▸ **Work instructions**: Please return all of the records verbatim, with the pictures omitted.

== Segment start ==

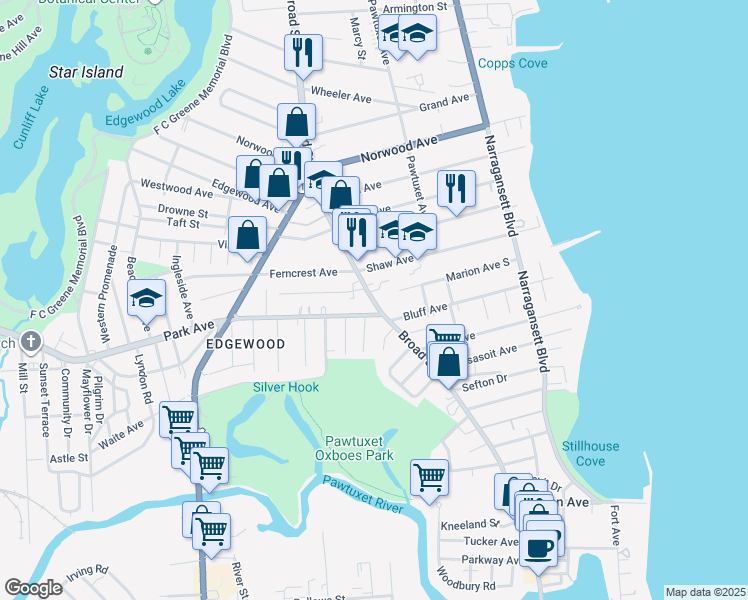 map of restaurants, bars, coffee shops, grocery stores, and more near 1912 Broad Street in Cranston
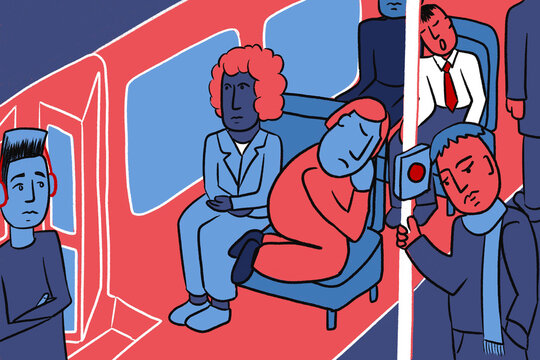 Commuters travel by bus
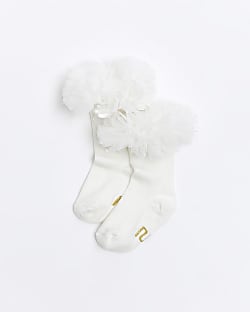 Baby girls cream bow frill socks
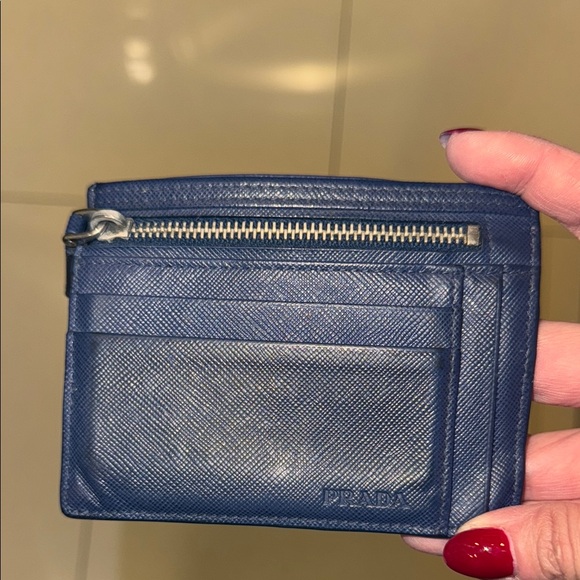 Prada Blue Leather Card Holder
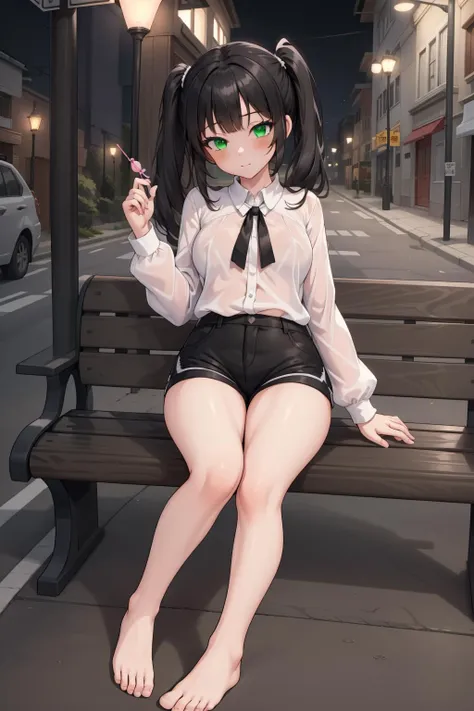 a girl sitting under a street lamp at evening, barefoot, perfect feet, full body, street, bench, white blouse, fit shorts, bangs, twin ponytails, black hair, green eyes, long sleeves, holding, lollipop, looking at viewer <lora:fmlorav1.3take17m14npl:0.8>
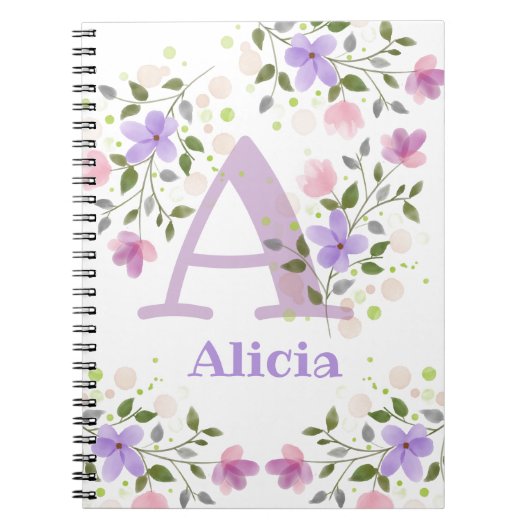 Carnet Premier Initial Plus Nom Alicia avec Fleurs (Devant)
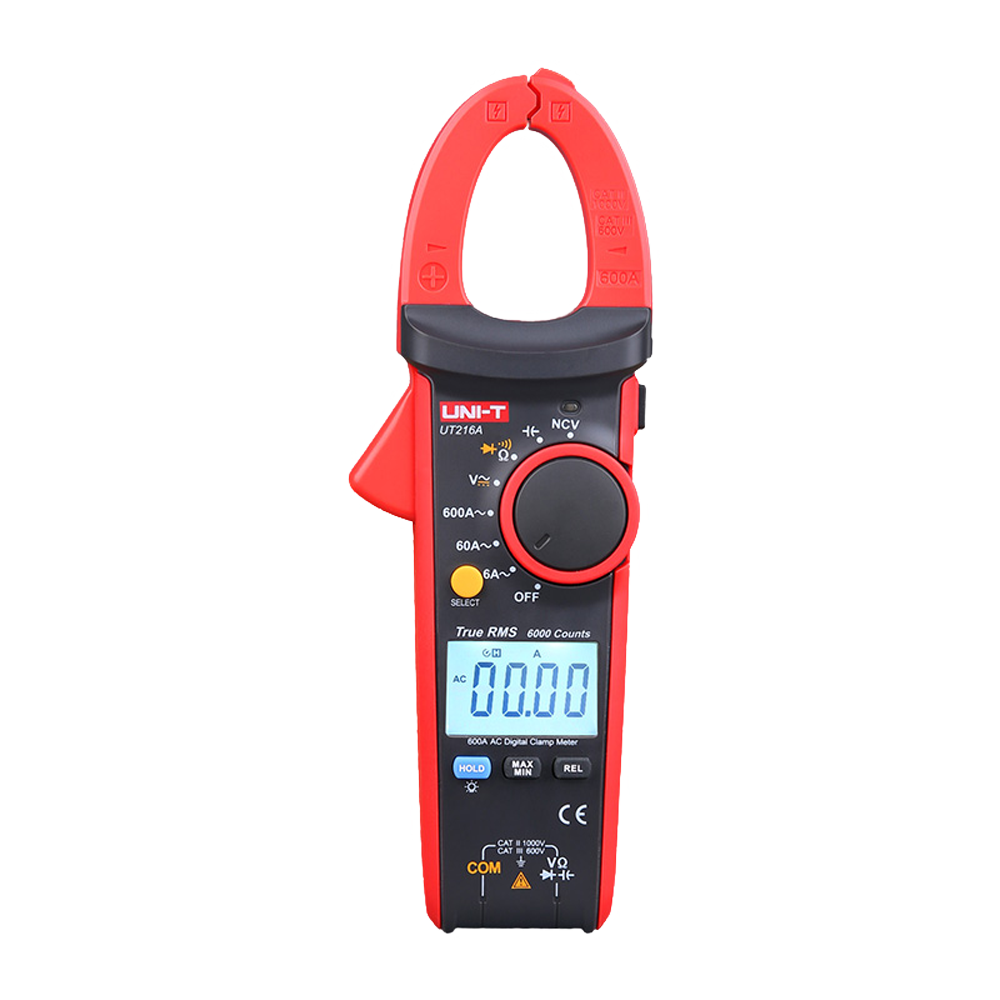 LCD current clamp - DC measurement up to 1000V - AC measurement up to 750V and 600A - Medium resistance and capacitance - Auto Range | Diode test | True RMS | NVC - 30mm caliper opening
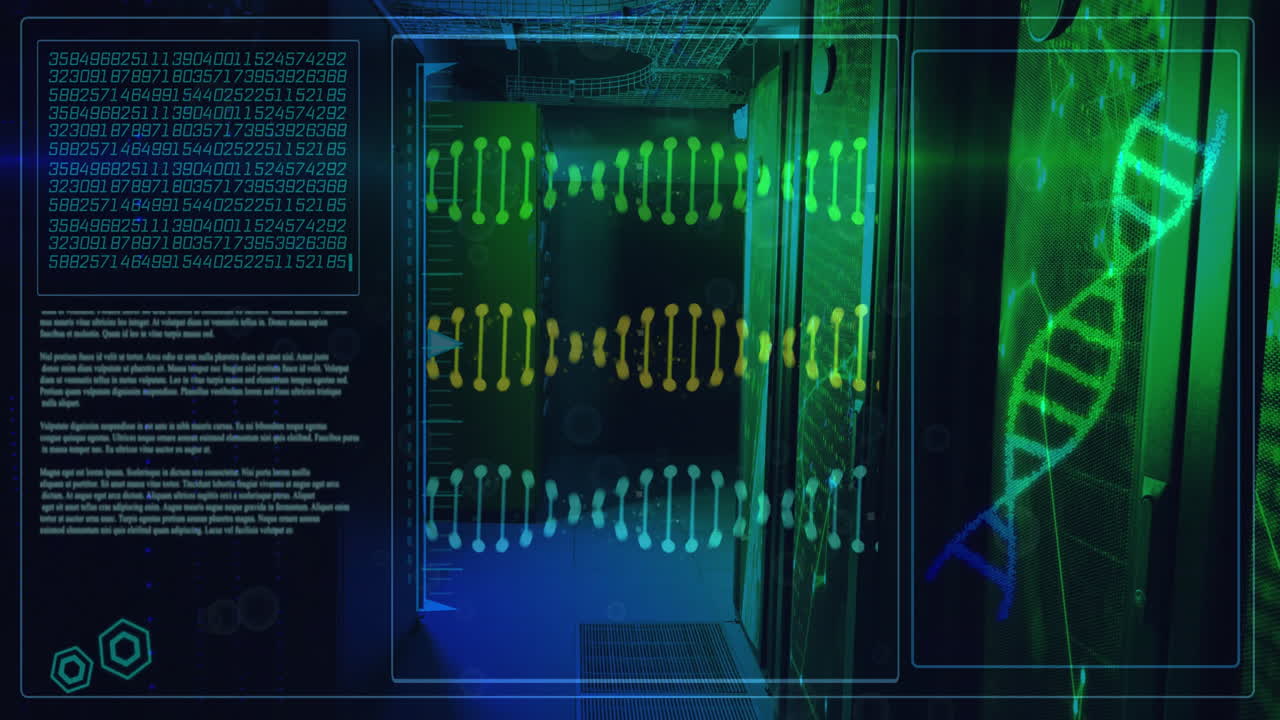 Animation of dna strands and data processing over server room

== Segment end ==

▸ **Task answer**:
 map of restaurants, bars, coffee shops, grocery stores, and more near 1912 Broad Street in Cranston
 Commuters travel by bus
 Baby girls cream bow frill socks
 Prada Blue Leather Card Holder
 a girl sitting under a street lamp at evening, barefoot, perfect feet, full body, street, bench, white blouse, fit shorts, bangs, twin ponytails, black hair, green eyes, long sleeves, holding, lollipop, looking at viewer <lora:fmlorav1.3take17m14npl:0.8>
 Carnet Premier Initial Plus Nom Alicia avec Fleurs (Devant)
 LCD current clamp - DC measurement up to 1000V - AC measurement up to 750V and 600A - Medium resistance and capacitance - Auto Range | Diode test | True RMS | NVC - 30mm caliper opening
 Animation of dna strands and data processing over server room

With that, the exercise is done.